II.Il Potere Normativo di Parti e Arbitri nella Procedura Arbitrale

Un aspetto centrale è il potere normativo di parti e arbitri nella definizione delle regole procedurali. Il legislatore si limita a parametri generali, lasciando ampia discrezionalità. La dottrina dibatte sull’estensione di tale potere, con alcuni autori che ne limitano l’ambito a questioni procedurali contingenti (case by case), mentre altri riconoscono un potere più ampio, anche se sempre vincolato alla disponibilità del diritto e al principio del contraddittorio. La scarsa diffusione dei lodi arbitrali, a differenza delle sentenze, rende difficile ricostruire la prassi.

2.1 Il potere normativo delle parti e la sua natura riflessa

Il testo affronta il tema del potere normativo delle parti nel procedimento arbitrale, evidenziando la scarsità di indagini dottrinali approfondite sui suoi limiti. Il legislatore si è limitato a dettare parametri generali, suscitando talvolta reazioni negative. La scelta di una normativa laconica si spiega con la natura essenzialmente privata dell'arbitrato, il cui scopo principale è la composizione della lite, non la realizzazione di una giustizia etica. Questo aspetto è ulteriormente legato al limite della compromettibilità, vincolata alla disponibilità del diritto. La potestà normativa delle parti è vista come un riflesso processuale della compromettibilità sostanziale del diritto. La dottrina, pur non essendo unanime, tende a sostenere che il potere delle parti nella definizione delle regole procedurali è ampio, anche se non illimitato, e che tale potere è connesso alla disponibilità del diritto oggetto del contendere. Il legislatore ha preferito una disciplina essenziale per garantire la massima libertà delle parti e una deformalizzazione del processo. Tuttavia, questa scelta ha talvolta scoraggiato la sottoscrizione di convenzioni arbitrali, in quanto aumenta le difficoltà interpretative relative all'applicazione delle norme.

2.2 Il potere normativo degli arbitri un approccio case by case o una regolamentazione esauriente

La sezione analizza il potere degli arbitri di regolare la procedura, evidenziando la divergenza dottrinale sull'estensione di tale potere. Una parte della dottrina ritiene che il potere degli arbitri sia più ristretto rispetto a quello delle parti, limitandosi a risolvere le questioni procedurali che si presentano nel corso del procedimento (approccio case by case). Altri studiosi, invece, sostengono l'esistenza di un vero e proprio potere 'normativo' del collegio arbitrale, con diverse opinioni sulla sua estensione.
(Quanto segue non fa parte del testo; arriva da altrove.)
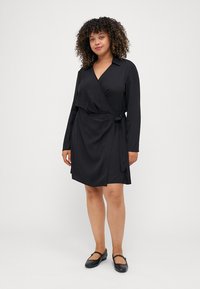 Abito avvolgente nero con colletto e maniche lunghe, caratterizzato da un dettaglio di legatura laterale. Tessuto liscio e design fino al ginocchio. Abbinato a scarpe basse.
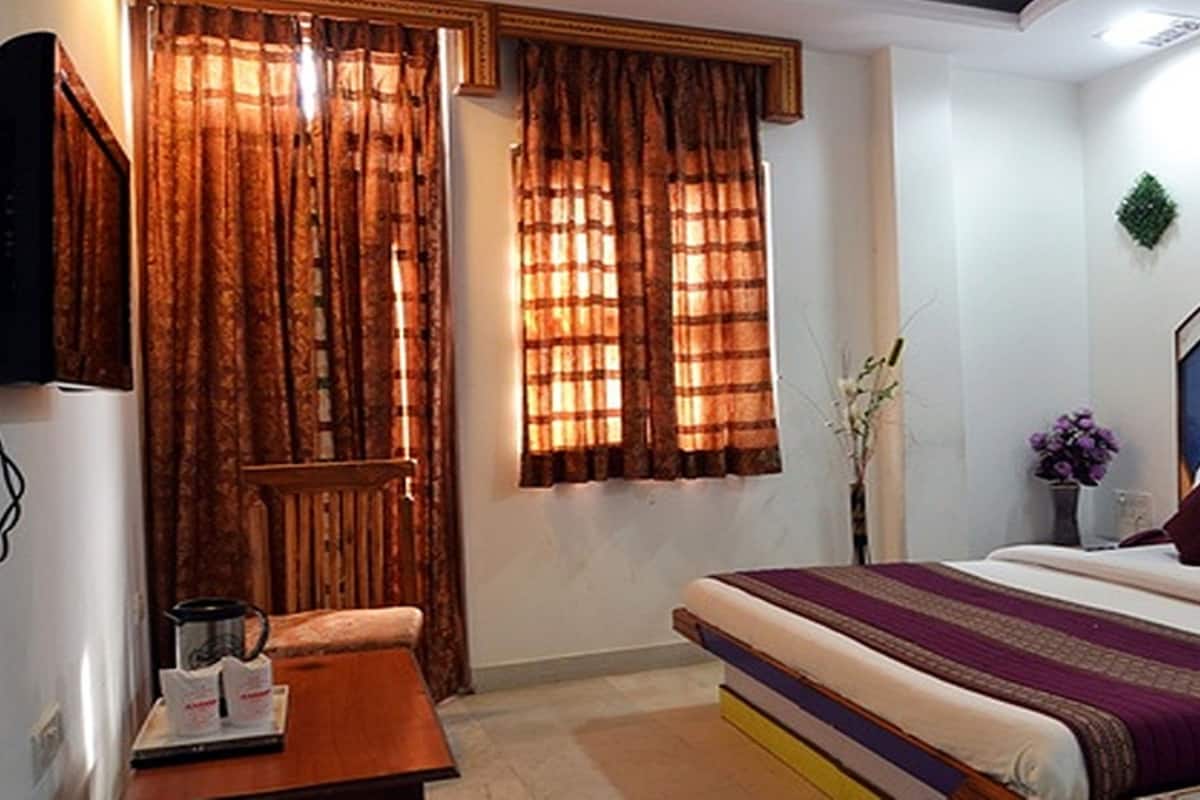 Une chambre à coucher avec un lit, des rideaux, une table de chevet et un climatiseur fixé au mur.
Si discute se gli arbitri debbano definire un corpus normativo organico prima dell'inizio dell'arbitrato o se possano limitarsi a decidere caso per caso. Secondo alcuni, il silenzio delle parti e degli arbitri sulla disciplina procedimentale potrebbe portare a conseguenze estreme, come la nullità del lodo per violazione del contraddittorio. Altre voci dottrinali propongono un principio di conservazione dell'arbitrato, lasciando la procedura alla più ampia libertà delle forme in caso di silenzio delle parti. La questione del potere suppletorio degli arbitri, e dei suoi eventuali limiti temporali, viene anch'essa affrontata. Si ritiene che gli arbitri non siano vincolati a termini specifici, potendo esercitare il loro potere regolamentare durante tutto il corso del giudizio.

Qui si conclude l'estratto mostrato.